(Stored records)

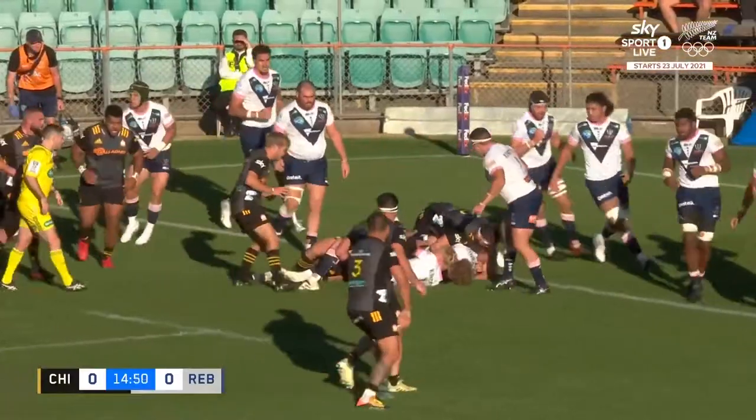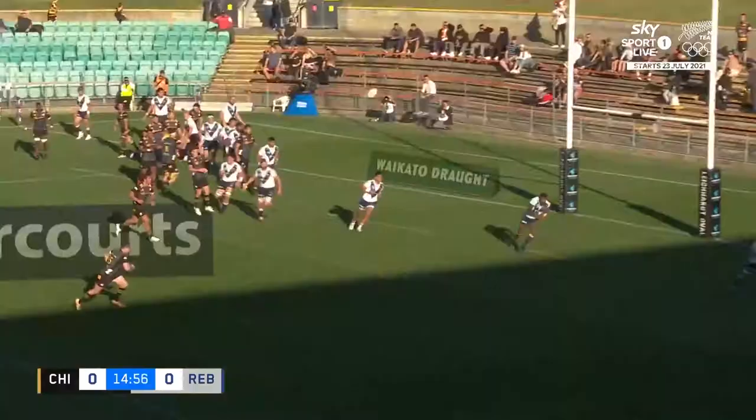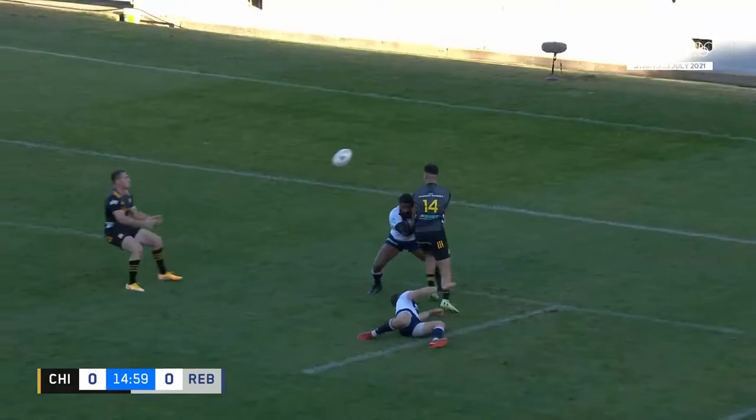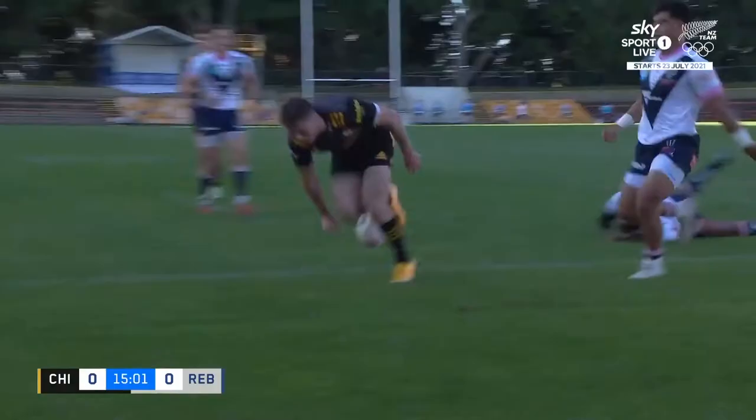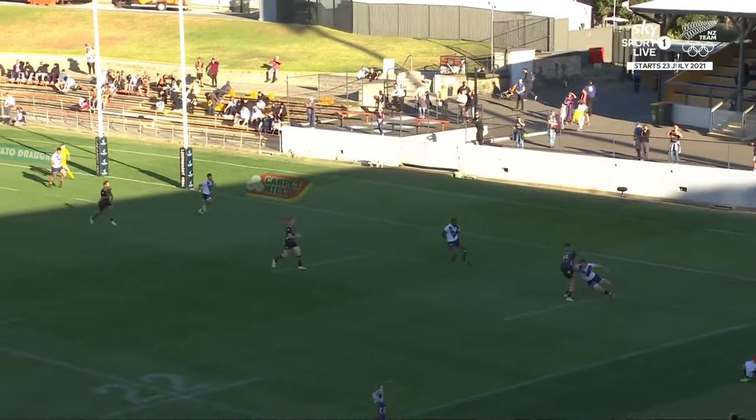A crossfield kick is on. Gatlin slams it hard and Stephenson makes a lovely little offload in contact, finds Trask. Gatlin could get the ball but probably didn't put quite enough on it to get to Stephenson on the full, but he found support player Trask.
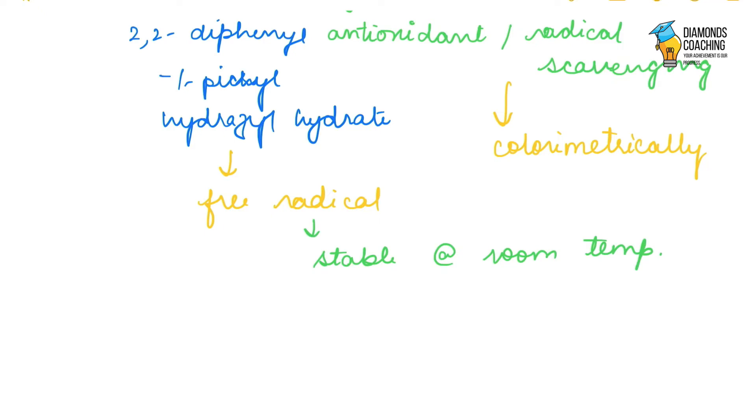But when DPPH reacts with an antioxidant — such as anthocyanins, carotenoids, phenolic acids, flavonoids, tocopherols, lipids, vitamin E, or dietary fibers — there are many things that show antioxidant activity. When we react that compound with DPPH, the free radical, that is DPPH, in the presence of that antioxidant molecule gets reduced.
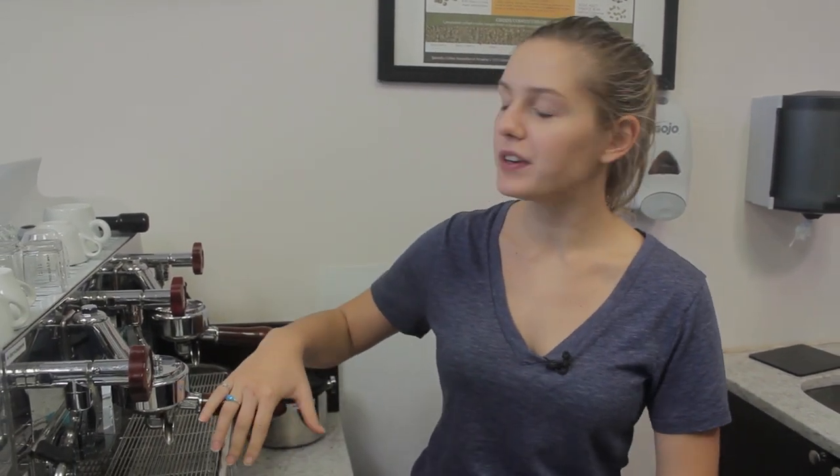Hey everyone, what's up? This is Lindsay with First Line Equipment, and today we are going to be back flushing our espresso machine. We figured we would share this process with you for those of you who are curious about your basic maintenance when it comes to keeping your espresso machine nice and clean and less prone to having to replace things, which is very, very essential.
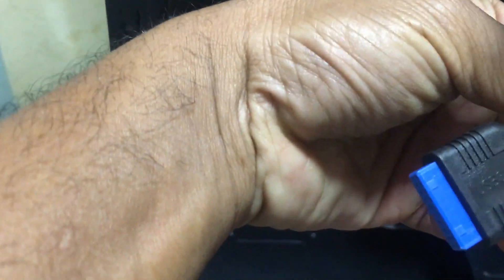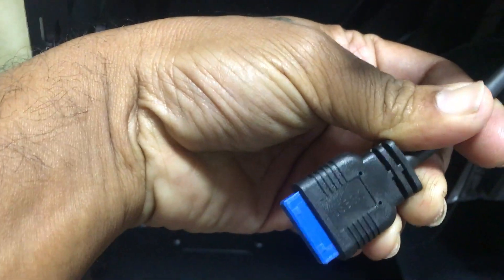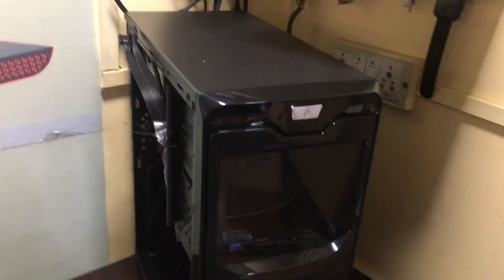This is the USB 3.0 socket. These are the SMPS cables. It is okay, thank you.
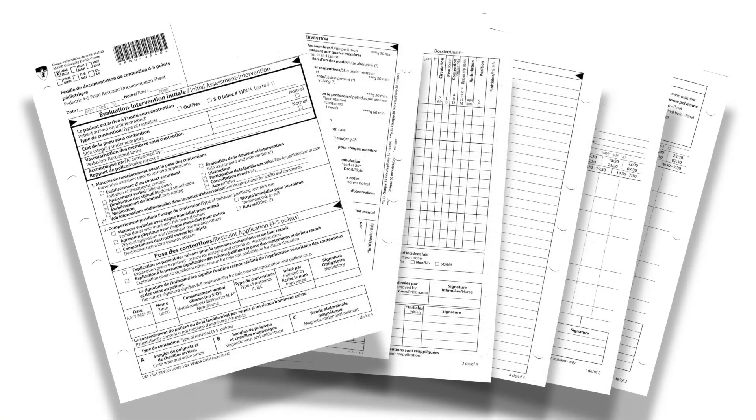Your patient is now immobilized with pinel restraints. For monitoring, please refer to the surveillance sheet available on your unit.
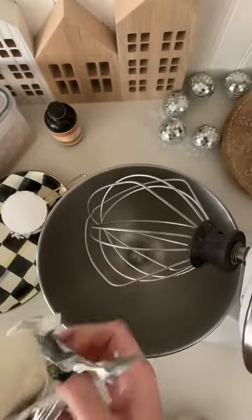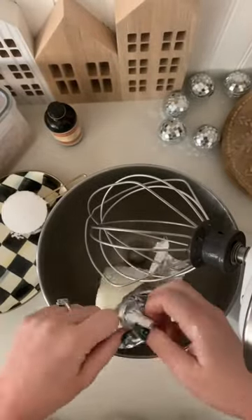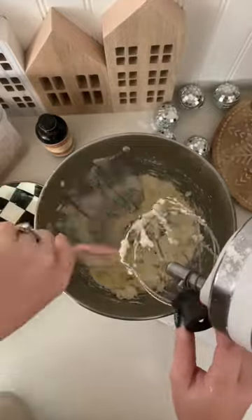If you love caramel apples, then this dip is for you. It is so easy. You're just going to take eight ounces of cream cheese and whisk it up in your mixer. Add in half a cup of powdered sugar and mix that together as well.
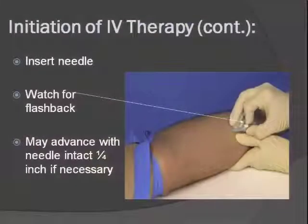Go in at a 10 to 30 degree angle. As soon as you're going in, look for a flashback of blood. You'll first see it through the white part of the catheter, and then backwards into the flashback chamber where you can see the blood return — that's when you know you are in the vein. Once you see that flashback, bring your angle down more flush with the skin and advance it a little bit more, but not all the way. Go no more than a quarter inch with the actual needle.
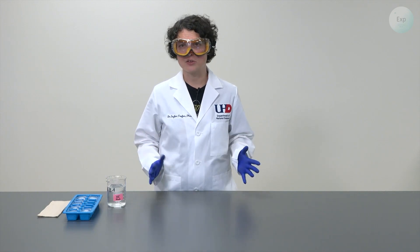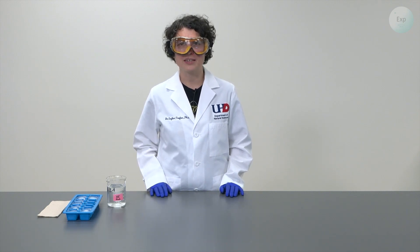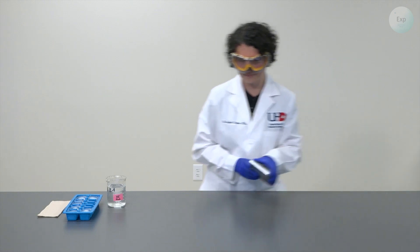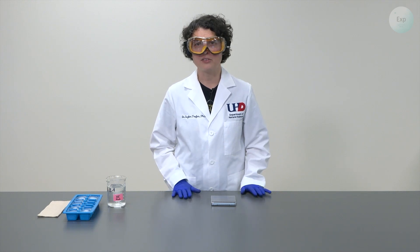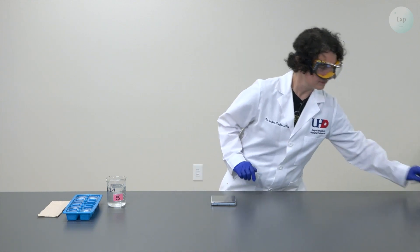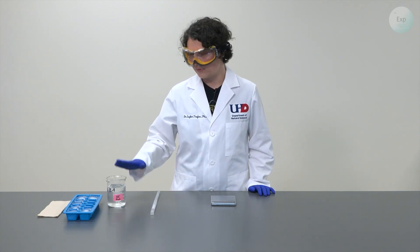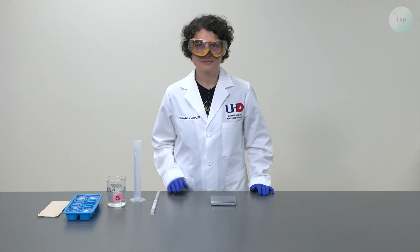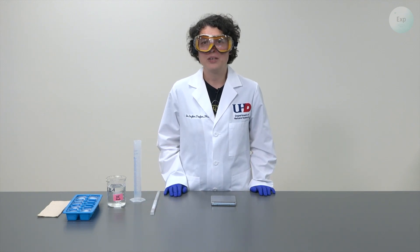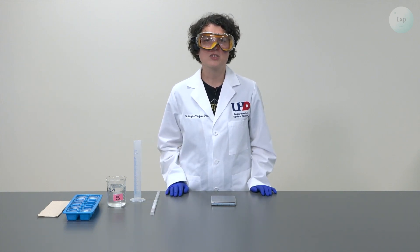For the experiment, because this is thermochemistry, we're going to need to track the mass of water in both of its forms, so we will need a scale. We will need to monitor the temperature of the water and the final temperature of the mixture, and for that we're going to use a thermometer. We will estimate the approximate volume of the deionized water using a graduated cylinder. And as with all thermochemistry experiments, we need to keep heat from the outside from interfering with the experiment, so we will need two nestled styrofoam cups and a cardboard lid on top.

» ASSIGNMENT: Output an exact copy of the lines from the one with "Your patient is" through the closing line of the records, inclusive, without any images.

» ANSWER TO THE EXERCISE:
Your patient is now immobilized with pinel restraints. For monitoring, please refer to the surveillance sheet available on your unit.
If you love caramel apples, then this dip is for you. It is so easy. You're just going to take eight ounces of cream cheese and whisk it up in your mixer. Add in half a cup of powdered sugar and mix that together as well.
Go in at a 10 to 30 degree angle. As soon as you're going in, look for a flashback of blood. You'll first see it through the white part of the catheter, and then backwards into the flashback chamber where you can see the blood return — that's when you know you are in the vein. Once you see that flashback, bring your angle down more flush with the skin and advance it a little bit more, but not all the way. Go no more than a quarter inch with the actual needle.
For the experiment, because this is thermochemistry, we're going to need to track the mass of water in both of its forms, so we will need a scale. We will need to monitor the temperature of the water and the final temperature of the mixture, and for that we're going to use a thermometer. We will estimate the approximate volume of the deionized water using a graduated cylinder. And as with all thermochemistry experiments, we need to keep heat from the outside from interfering with the experiment, so we will need two nestled styrofoam cups and a cardboard lid on top.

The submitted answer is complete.